Cordoba was a Telephone Consumer Protection Act action brought by plaintiff claiming that he had received telemarketing calls from DirecTV that violated the statute. Specifically, the allegation was that DirecTV had failed to maintain a list of individuals who asked not to receive calls—a so-called internal do-not-call list required by an FCC implementing regulation. Cordoba alleged that DirecTV failed to maintain this list and continued to call individuals who asked not to be contacted. A class of all persons who received more than one telemarketing call on behalf of DirecTV while it failed to maintain an internal do-not-call list was certified by District Judge Mark Cohen (N.D. Ga.). The Eleventh Circuit granted DirecTV’s petition for interlocutory review under Rule 23(f).
The Eleventh Circuit vacated class certification because the unnamed members of the would-be class who did not ask DirecTV to stop calling them—and so would not have been on the list even if it had been maintained—were not injured by the failure to maintain the list. This was so even though the class representative had Article III standing. As the court put it, “the fact that many, perhaps most, members of the class may lack standing is extremely important to the class certification decision.”
In the case of a Rule 23(b)(3) class, the individualized inquiry necessary to determine whether each class member asked the telemarketer to stop calling would preclude a finding of the requisite predominance of common issues over individual issues. “The essential point . . . is that at some time in the course of the litigation the district court will have to determine whether each of the absent class members has standing before they could be granted any relief. That is an individualized issue . . . .” Would-be class members who did not ask to be put on the no-call list lack standing due to their failure to establish that their injuries are traceable to the challenged action of the defendant. Even though the receipt of a single phone call was enough to establish the requisite injury, according to the court, it was not enough to establish traceability. The court distinguished its recent holding in Salcedo v. Hanna, 936 F.3d 1162 (11th Cir. 2019), in which a single unlawful text message was held to be insufficient to establish injury, based on the relatively greater intrusiveness of a phone call.

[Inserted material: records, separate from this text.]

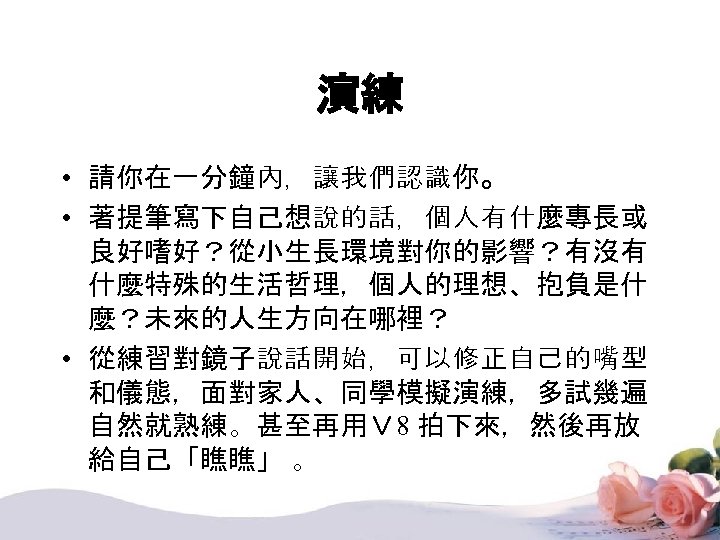 演練 • 請你在一分鐘內，讓我們認識你。 • 著提筆寫下自己想說的話，個人有什麼專長或 良好嗜好？從小生長環境對你的影響？有沒有 什麼特殊的生活哲理，個人的理想、抱負是什 麼？未來的人生方向在哪裡？ • 從練習對鏡子說話開始，可以修正自己的嘴型 和儀態，面對家人、同學模擬演練，多試幾遍 自然就熟練。甚至再用Ｖ 8 拍下來，然後再放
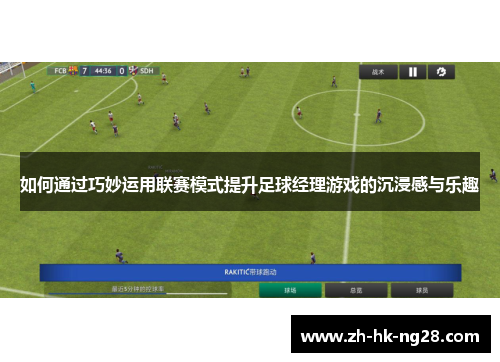 如何通过巧妙运用联赛模式提升足球经理游戏的沉浸感与乐趣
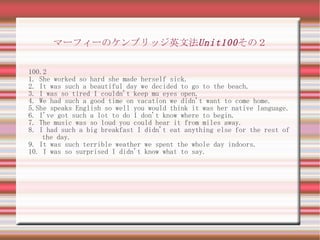 マーフィーのケンブリッジ英文法Unit100 その２

100.2
1. She worked so hard she made herself sick.
2. It was such a beautiful day we decided to go to the beach.
3. I was so tired I couldn't keep mu eyes open.
4. We had such a good time on vacation we didn't want to come home.
5.She speaks English so well you would think it was her native language.
6. I've got such a lot to do I don't know where to begin.
7. The music was so loud you could hear it from miles away.
8. I had such a big breakfast I didn't eat anything else for the rest of
    the day.
9. It was such terrible weather we spent the whole day indoors.
10. I was so surprised I didn't know what to say.
 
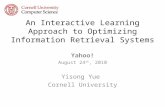 An Interactive Learning Approach to Optimizing Information Retrieval Systems Yahoo! August 24 th, 2010 Yisong Yue Cornell University.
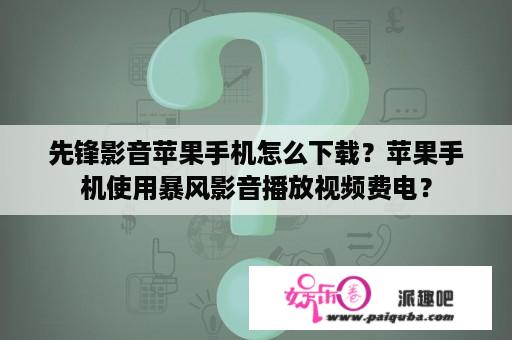 先锋影音苹果手机怎么下载？苹果手机使用暴风影音播放视频费电？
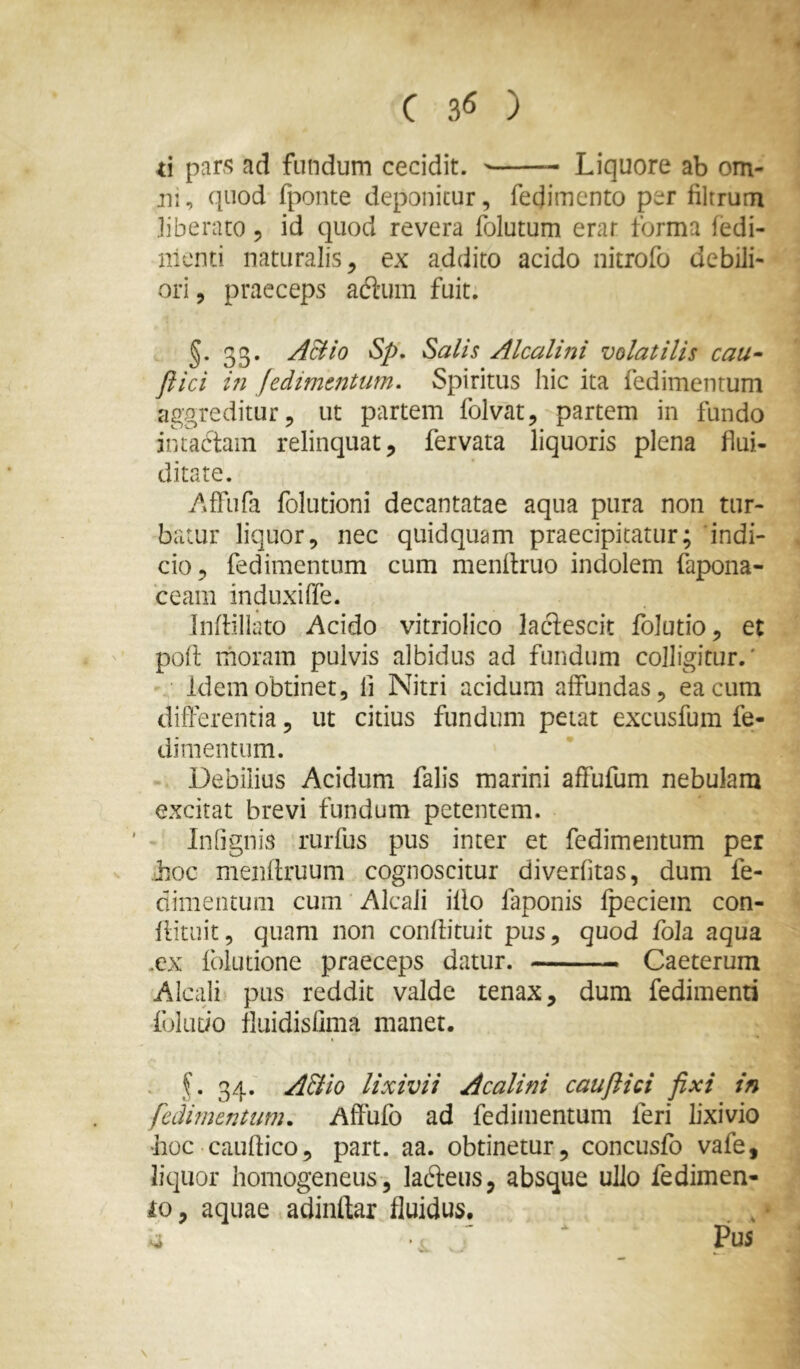 9 C 36 ) d pars ad fundum cecidit. Liquore ab om- ni, quod fponte deponitur, fedimento per filtrum liberato, id quod revera folutum erar forma fedi- nienti naturalis, ex addito acido nitrofo debili- ori , praeceps aftum fuit. §. 33. ABio Sp, Salis Alcalini volatilis cau- flici ui jedimtntum. Spiritus hic ita fedimentum aggreditur, ut partem folvat, partem in fundo intactam relinquat, fervata liquoris plena flui- ditate. /»fFufa folutioni decantatae aqua pura non tur- batur liquor, nec quidquam praecipitatur; indi- cio, fedimentum cum menltruo indolem fapona- ceam induxiffe. Inftiliato Acido vitriolico lactescit folutio, et poit moram pulvis albidus ad fundum colligitur.' • ■ Idem obtinet, fi Nitri acidum affundas, ea cum differentia, ut citius fundum petat excusfum fe- dimentum. Debilius Acidum falis marini affufum nebulam excitat brevi fundum petentem. ' Infignis rurfus pus inter et fedimentum per hoc menftruum cognoscitur diverfitas, dum fe- dimentum cum ■ Alcali iflo faponis fpeciem con- flituit, quam non conflituit pus, quod foJa aqua .ex fblutione praeceps datur. Caeterum Alcali pus reddit valde tenax, dum fedimenti foIuDo fluidisfima manet. . f. 34. ABio lixivii Acalini cauftici fixi in fedmentiim, Affufo ad fedimentum feri lixivio hoc cauftico, part. aa. obtinetur, concusfo vafe, liquor homogeneus, ladleus, absque ullo fedimen- 10, aquae adindar fluidus. . , • \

Wherever it appears that a large portion of a proposed class may lack standing, the court held that a district court must consider, before certification under Rule 23(b)(3), whether individualized issues of standing will predominate over common issues. The mere possibility of standing problems for a few class members, the court noted, would not necessarily preclude class certification; the court could decide to deal with that problem later on in the proceeding, before it awarded any relief. “But there is a meaningful difference between a class with a few members who might not have suffered an injury traceable to the defendants and a class with potentially many more, even a majority, who do not have Article III standing.” The court noted that a blanket rule precluding class certification if any individuals in the class lack standing would likely run the risk of promoting so-called “fail-safe” classes, in which membership is defined on the basis of having a meritorious claim. This practice, universally recognized as improper, is no remedy for an overbroad class.
Since there was nothing in the record to allow determination on appeal of the makeup of the internal do-not-call list class, the court remanded the case for further proceedings.
Cordoba is the latest fallout from the Supreme Court’s 2016 decision in Spokeo, Inc. v. Robins, 136 S. Ct. 1540. The Eleventh Circuit granted rehearing en banc on October 4, 2019 in another such case, Muransky v. Godiva Chocolatier, Inc., 905 F.3d 1200 (11th Cir. 2018).